Hey guys, thought I'd share with you some finding I'm having while trying to get a good ddrescue rip of a failing drive so that I can recover some rare pics for a coworker of mine.

For those unfamiliar with what this is about -- boot to System Rescue CD, mount the USB target drive (ntfs-3g for drives that are NTFS, so that you can take really big files), and then type in

ddrescue /dev/(drive) /mnt/path/to/file.dd /mnt/path/to/log.txt

Once this works, I then have the option of "mount -o" ing the image on a different media as a loopback and scaning it with my other tools, such as Photorec.

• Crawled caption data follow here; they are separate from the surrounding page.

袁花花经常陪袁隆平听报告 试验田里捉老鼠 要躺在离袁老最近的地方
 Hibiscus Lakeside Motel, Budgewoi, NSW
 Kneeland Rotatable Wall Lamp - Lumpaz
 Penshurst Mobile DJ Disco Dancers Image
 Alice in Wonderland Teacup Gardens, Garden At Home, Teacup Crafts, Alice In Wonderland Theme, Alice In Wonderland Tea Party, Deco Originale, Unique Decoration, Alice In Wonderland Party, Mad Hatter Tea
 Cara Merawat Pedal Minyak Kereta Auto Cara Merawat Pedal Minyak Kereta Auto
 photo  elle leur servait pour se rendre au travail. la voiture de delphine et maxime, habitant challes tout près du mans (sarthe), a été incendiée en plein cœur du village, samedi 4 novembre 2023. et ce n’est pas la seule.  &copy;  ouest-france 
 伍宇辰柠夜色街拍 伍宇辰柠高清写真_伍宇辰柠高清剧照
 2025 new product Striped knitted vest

Here is a great tutorial with examples:

http://www.manpagez.com/info/ddrescue/ddrescue-1.10/ddrescue_5.php
http://www.cgsecurity.org/wiki/PhotoRec_Step_By_Step

The average rate thus far is 58,335 B/s.

Converting that to MBps is

58,335 Bps * (1 MBps / 1024 KBps) * (1KBps / 1024 Bps) => .05 MBps

The drive is 160 GBs, so...

160GB * 1024 MBs/GB = 163,840 MB

rate * seconds = MBs recovered

MBs recovered / rate = seconds

163,840 MBs / .05 MBps = 3276800 seconds -> 54613 minutes -> 910 hours -> 37 days

One cool thing about ddrescue is that the log file allows you to quickly recover in case of an emergency. Make sure that you put that log file on a medium that is *not* part of something that will go away with a reboot!